▸ EXERCISE
Please set down the data again exactly, minus the pictures.
[[ DATA, beginning ]]
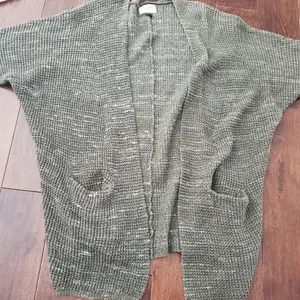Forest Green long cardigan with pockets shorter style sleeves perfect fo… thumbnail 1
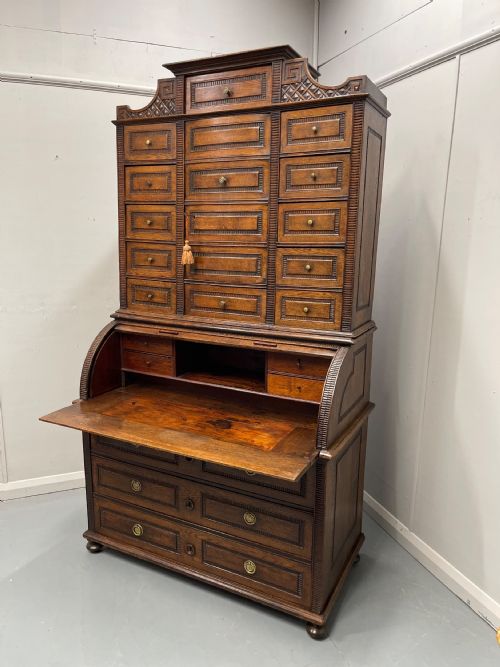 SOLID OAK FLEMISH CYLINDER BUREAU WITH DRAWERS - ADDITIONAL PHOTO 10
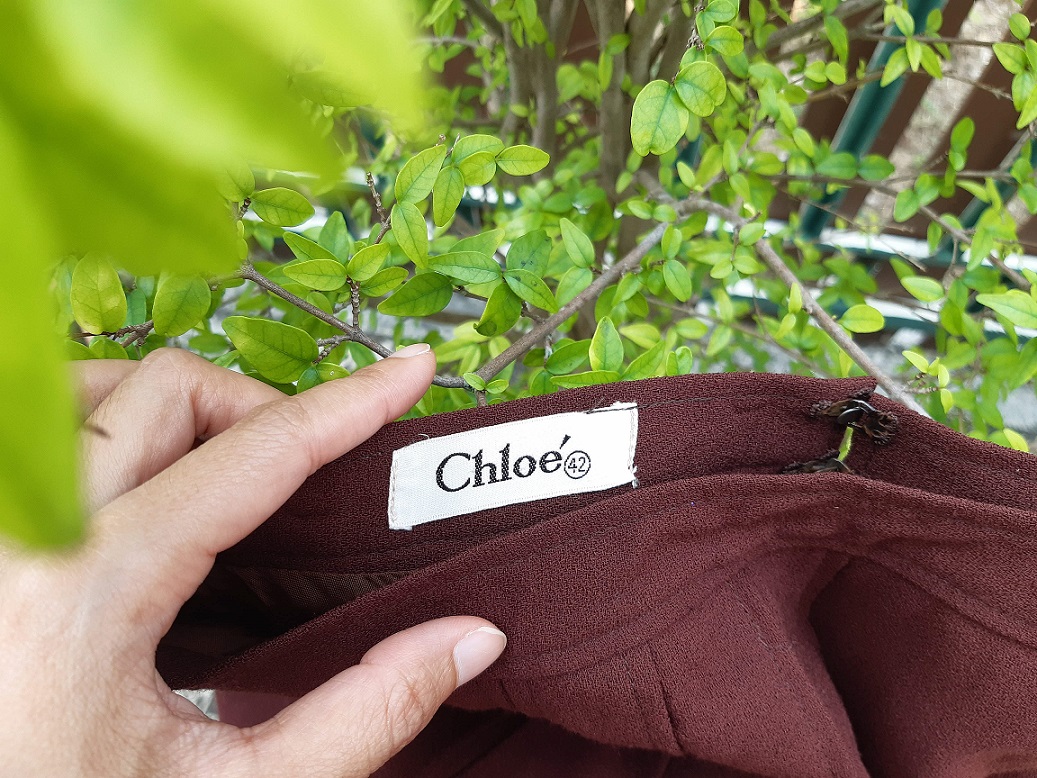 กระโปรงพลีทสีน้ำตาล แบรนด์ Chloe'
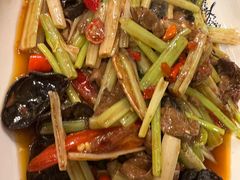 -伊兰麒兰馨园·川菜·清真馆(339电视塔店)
[[ DATA, end ]]
▸ ANSWER BOX
Forest Green long cardigan with pockets shorter style sleeves perfect fo… thumbnail 1
 SOLID OAK FLEMISH CYLINDER BUREAU WITH DRAWERS - ADDITIONAL PHOTO 10
 กระโปรงพลีทสีน้ำตาล แบรนด์ Chloe'
 -伊兰麒兰馨园·川菜·清真馆(339电视塔店)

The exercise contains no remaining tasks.